* Task objective: With the line containing "267 - Mahogany" as the starting point, output the remaining lines of the data exactly as they are, through the last.
· · · ·
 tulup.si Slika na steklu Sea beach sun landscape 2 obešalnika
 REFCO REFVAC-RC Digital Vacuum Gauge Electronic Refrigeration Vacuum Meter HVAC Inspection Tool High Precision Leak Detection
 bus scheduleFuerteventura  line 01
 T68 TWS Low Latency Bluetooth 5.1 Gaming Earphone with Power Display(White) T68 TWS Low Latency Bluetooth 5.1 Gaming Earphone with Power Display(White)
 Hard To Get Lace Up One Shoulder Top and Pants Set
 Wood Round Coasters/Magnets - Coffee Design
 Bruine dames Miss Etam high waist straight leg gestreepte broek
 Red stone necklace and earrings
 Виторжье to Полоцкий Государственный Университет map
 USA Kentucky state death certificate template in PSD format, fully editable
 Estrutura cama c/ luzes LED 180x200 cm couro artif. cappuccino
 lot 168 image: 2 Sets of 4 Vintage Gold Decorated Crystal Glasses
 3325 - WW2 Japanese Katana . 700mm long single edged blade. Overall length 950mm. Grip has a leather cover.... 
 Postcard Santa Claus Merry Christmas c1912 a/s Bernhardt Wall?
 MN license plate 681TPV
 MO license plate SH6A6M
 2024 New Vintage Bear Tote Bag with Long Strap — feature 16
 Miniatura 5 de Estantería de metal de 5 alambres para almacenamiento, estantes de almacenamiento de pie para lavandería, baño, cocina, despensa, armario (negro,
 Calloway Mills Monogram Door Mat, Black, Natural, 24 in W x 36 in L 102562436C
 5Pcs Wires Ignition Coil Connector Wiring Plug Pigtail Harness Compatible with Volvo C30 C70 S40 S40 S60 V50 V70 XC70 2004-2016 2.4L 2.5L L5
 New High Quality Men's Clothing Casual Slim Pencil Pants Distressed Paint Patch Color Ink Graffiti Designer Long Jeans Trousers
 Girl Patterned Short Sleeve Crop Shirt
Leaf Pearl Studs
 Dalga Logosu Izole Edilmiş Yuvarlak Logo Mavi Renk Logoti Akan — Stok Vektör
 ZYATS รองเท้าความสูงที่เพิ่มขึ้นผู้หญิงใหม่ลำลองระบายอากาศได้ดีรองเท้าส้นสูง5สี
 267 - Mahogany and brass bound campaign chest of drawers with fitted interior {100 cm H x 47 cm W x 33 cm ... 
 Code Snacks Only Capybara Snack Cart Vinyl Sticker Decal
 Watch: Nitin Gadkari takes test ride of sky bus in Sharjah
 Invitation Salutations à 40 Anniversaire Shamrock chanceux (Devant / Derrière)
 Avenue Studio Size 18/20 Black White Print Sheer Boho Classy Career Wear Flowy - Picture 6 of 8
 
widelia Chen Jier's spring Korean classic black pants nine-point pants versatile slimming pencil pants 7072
· · · ·
* Exercise solution:
 267 - Mahogany and brass bound campaign chest of drawers with fitted interior {100 cm H x 47 cm W x 33 cm ... 
 Code Snacks Only Capybara Snack Cart Vinyl Sticker Decal
 Watch: Nitin Gadkari takes test ride of sky bus in Sharjah
 Invitation Salutations à 40 Anniversaire Shamrock chanceux (Devant / Derrière)
 Avenue Studio Size 18/20 Black White Print Sheer Boho Classy Career Wear Flowy - Picture 6 of 8
 
widelia Chen Jier's spring Korean classic black pants nine-point pants versatile slimming pencil pants 7072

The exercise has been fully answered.